Iran has executed two men allegedly affiliated with an ISIS cell, the judiciary and monitoring groups based outside the country have said.
Mohiuddin Abdullahi and Hossein Palani were hanged on Tuesday morning in Kermanshah Central Prison after being charged with “baghi”, the judicial term for armed insurgency against the state, the Norway-based Hengaw Organisation for Human Rights said.
The men had been detained since 2018, when they were arrested by the Islamic Revolutionary Guard Corps (IRGC) intelligence division, Hengaw said.
The executions come as Iran accelerates executions in the country and against a backdrop of the disintegration of a ceasefire deal with the US.
According to the Oslo-based Iran Human Rights Organisation, at least 370 people have been executed in Iran this year alone.
Use of the death penalty “accelerated further following the ceasefire in early April, culminating in at least 101 executions in June alone”, the organisation said.
Mizan news agency, operated by Iran’s judiciary, confirmed the executions of Mr Abdullahi and Mr Palani but did not say where they took place. It said they were members of “a cell affiliated with the ISIS terrorist group” that was formed with the aim of rebuilding the organisation after its collapse in Iraq and Syria.
Mizan said this took place in the mountainous area between Iraq and Iran, where militants began to “recruit and equip themselves” to carry out attacks in Iran. They were arrested following an operation by Iranian military and security forces.
The men’s sentences were upheld by the Supreme Court after their trial, in which their defence statements were taken into account. Hengaw and the Abdorrahman Boroumand Centre, a US-based rights group, said no independent details about the trial process, case documents or access to lawyers were available.
Human rights organisations have long documented grave violations of international standards in Iranian court proceedings, including denial of access to lawyers, coerced confessions and a lack of notice given to families and legal representatives before capital punishment sentences are meted out.
According to the Iran Human Rights Organisation, two others have been executed this year on charges of being affiliated with ISIS. Most of the other death sentences were over murder and drug offences.
The surge in executions this year includes for people sentenced over involvement in widespread anti-government protests in January, as well as members of banned political organisations.
Between March 18 and June 16, a total of 20 people charged over demonstrations in January were executed, including 18-year-old Amirhossein Hatami and Saleh Mohammadi, a former member of Iran's national wrestling team.
The protests were the largest anti-government unrest in the Islamic Republic’s history, and their suppression by security forces left at least 7,000 people dead, many of them from shotgun wounds to the head and back, human rights monitors outside the country said. Some reports put the death toll many times higher.

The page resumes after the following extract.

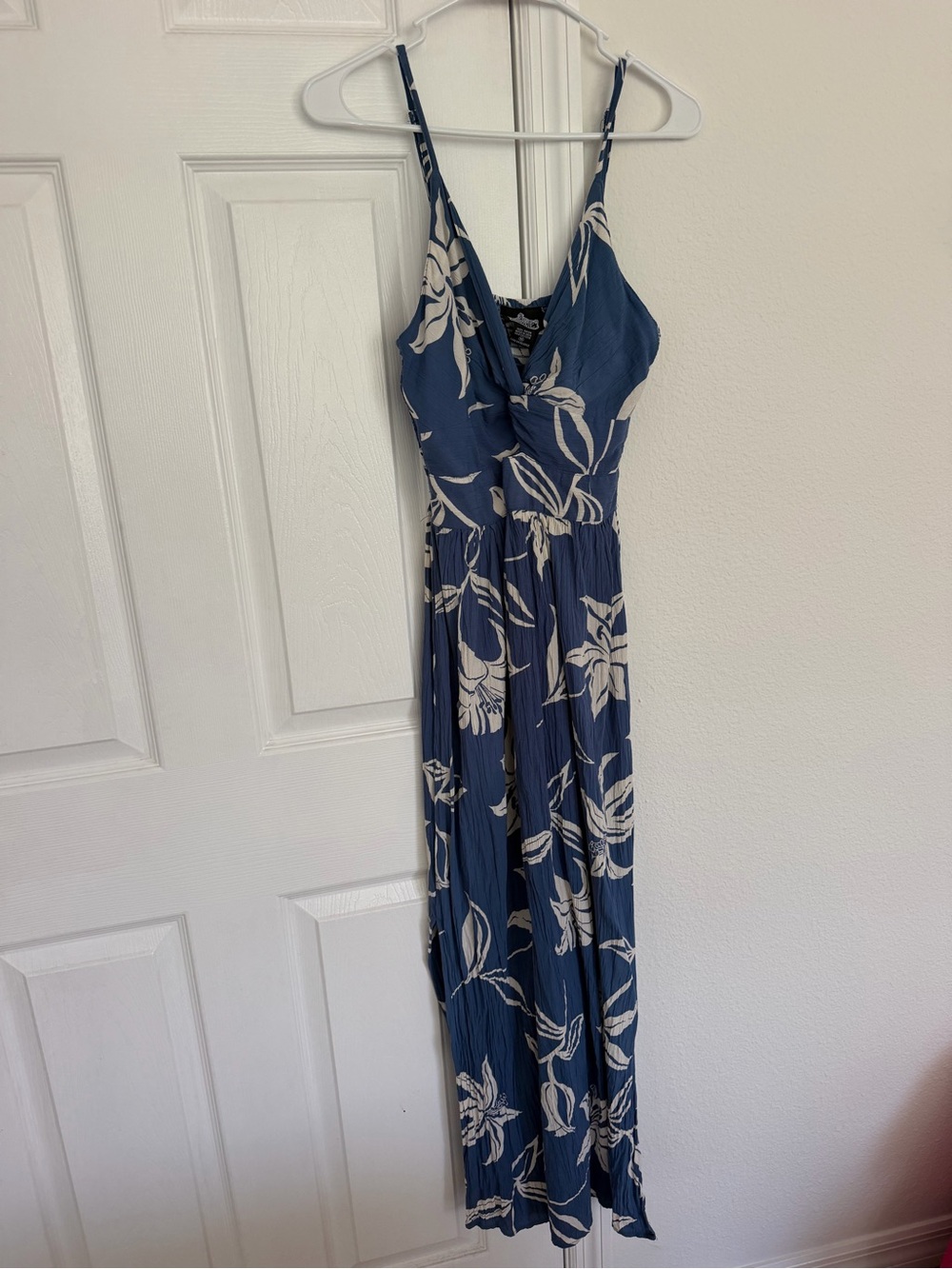 Angie Boho Blue White Tropical Floral Twist Front Lace Up Open Back Midi Dress M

At the time of Mr Hatami’s execution, Amnesty International condemned Iran’s use of the death penalty “to eradicate dissenting voices and further terrify people”.
Other executions in recent days include that of Shouresh Sattarzadeh, whose sentence was carried out on July 1 in Sanandaj Central Prison in western Iran, after he spent 20 years on death row for an accidental death when he was 18 years old.
Abdolreza Heydari, 59, from Bandar Abbas in southern Iran, and Mehdi Latifi, 27, from Tabriz, were executed at dawn on Monday, at Tabriz Central Prison in the country’s north-west on drug-related charges.
There will likely be a “further escalation” in executions in the coming months, the Iran Human Rights Organisation said in its report last week. It called on the international community to include the human rights situation in the country in any talks with the Iran.
“Any agreement with the Islamic Republic by states committed to human rights principles must make a moratorium on the death penalty a central condition, the organisation’s director Mahmood Amiry-Moghaddam said.
US President Donald Trump said last night that a deal with Iran to end the war was still “possible”, despite the ongoing attacks and counter-attacks between US forces and the Islamic Revolutionary Guard Corps (IRGC) around the Strait of Hormuz, which have spread to regional countries including Bahrain, Kuwait and Qatar.
Iran executed at least 1,639 people last year, the highest number since 1989 and an increase of nearly 70 per cent from 2024, the Iran Human Rights Organisation and the Paris-based Together Against the Death Penalty said in a report in April.